Met deze brief informeer ik u, mede namens de Minister voor Rechtsbescherming, nader
over cybercrime en hulpvraagfraude (onder andere via whatsapp) tijdens de coronacrisis.
Hiermee voldoe ik aan mijn toezegging van 16 juni jl. aan het Kamerlid Yeşilgöz-Zegerius
over het aantal cybercrimemisdrijven en aan het verzoek van het Kamerlid Van Toorenburg
over de handel in privégegevens van vijftigplussers voor whatsappfraude (kenmerk 2020Z12749). Eerst besteed ik kort aandacht aan enkele ontwikkelingen van de laatste maanden
en de aanpak van jeugdige daders van cybercrime. Ik ga vervolgens meer uitgebreid
in op hulpvraagfraude.
Online criminaliteit: cybercrime en gedigitaliseerde criminaliteit
De term «cybercrime» wordt in het maatschappelijk debat vaak gebruikt als containerbegrip.
In deze brief wordt onderscheid gemaakt tussen cybercrime en gedigitaliseerde criminaliteit.
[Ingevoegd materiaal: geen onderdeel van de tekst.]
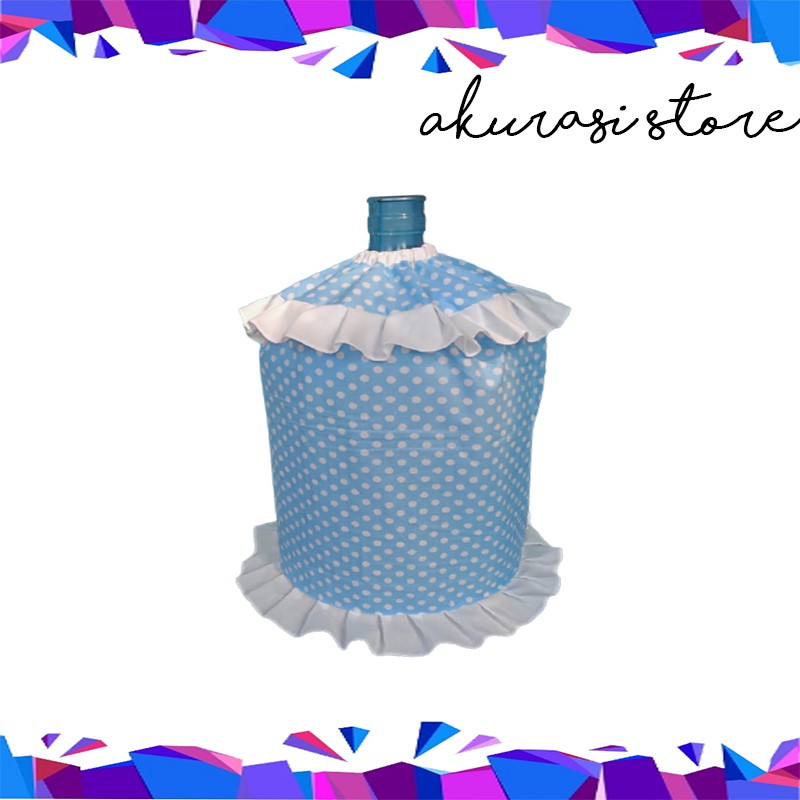 sarung galon Sarung galon cover galon sarung galon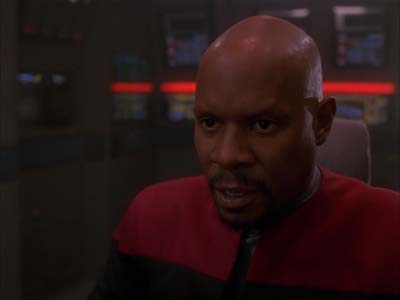 Star Trek: Deep Space Nine Screencaps "The Way of the Warrior, Part II" (S4:E2)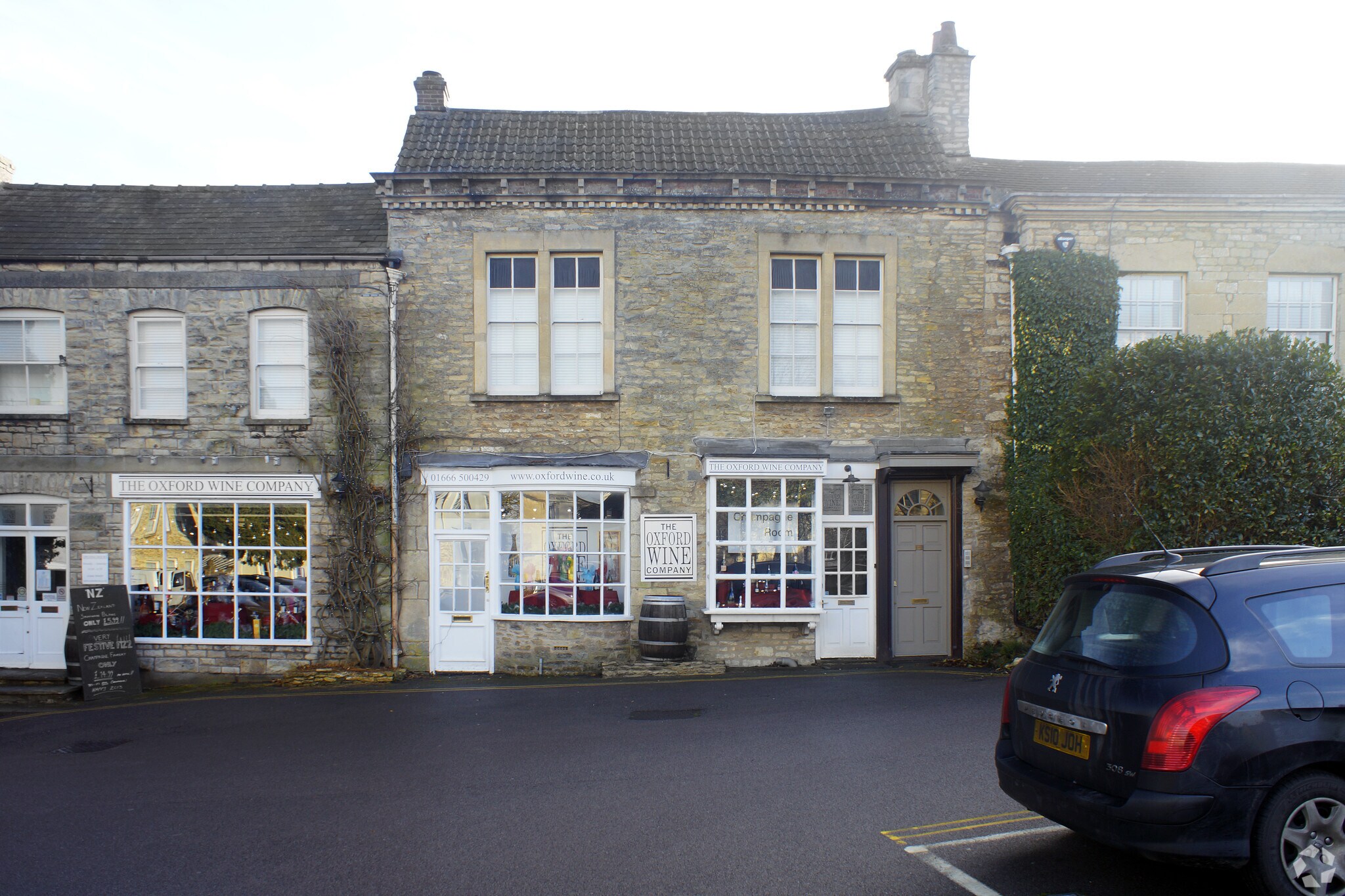 1-3 The Chipping, Tetbury for sale Building Photo- Image 1 of 1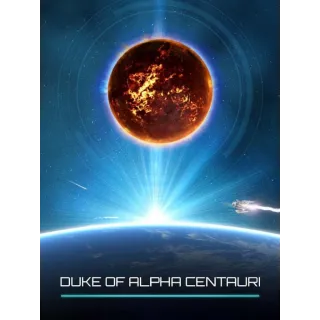 Duke of Alpha Centauri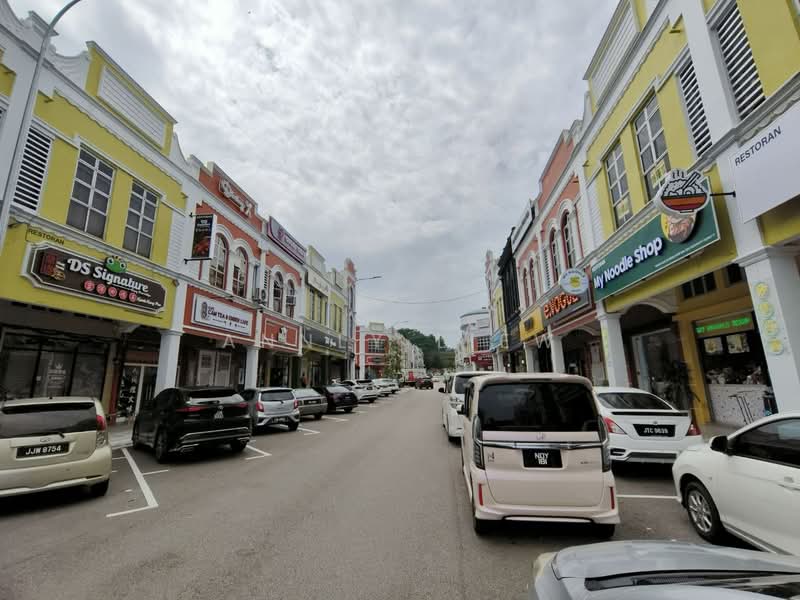 Shop for Rent in Johor Bahru (Johor) - Annly Liew - Exterior - PropertyGuru.com.my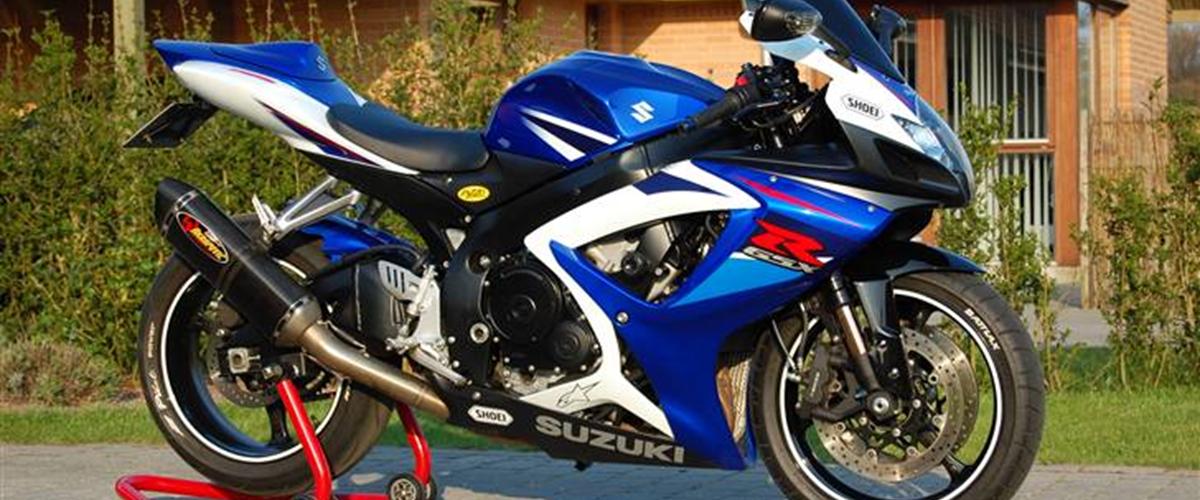 Suzuki gsx r k7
Vormen van criminaliteit die voorheen in de offline wereld plaatsvonden, maar nu online
plaatsvinden, worden aangeduid met de term gedigitaliseerde criminaliteit. Het betreft
bijvoorbeeld drugs- en wapenhandel via het darkweb en allerlei vormen van online fraude,
waaronder hulpvraagfraude. Cybercrime (ook wel cybercrime in enge zin genoemd) betreft
vormen van criminaliteit die ICT-systemen als doel hebben en derhalve niet mogelijk
zijn zonder het bestaan van ICT-systemen. Het betreft bijvoorbeeld computervredebreuk,
DDoS-aanvallen en de verspreiding van malware, waaronder ransomware. De term online
criminaliteit wordt gebruikt om cybercrime en gedigitaliseerde criminaliteit samen
aan te duiden.
Recente ontwikkelingen en wetenschappelijk onderzoek
In de brief van 29 juni jl. is reeds vermeld dat online criminaliteit tijdens de coronacrisis
een stevige groei heeft doorgemaakt. De politie heeft deze groei nader geanalyseerd.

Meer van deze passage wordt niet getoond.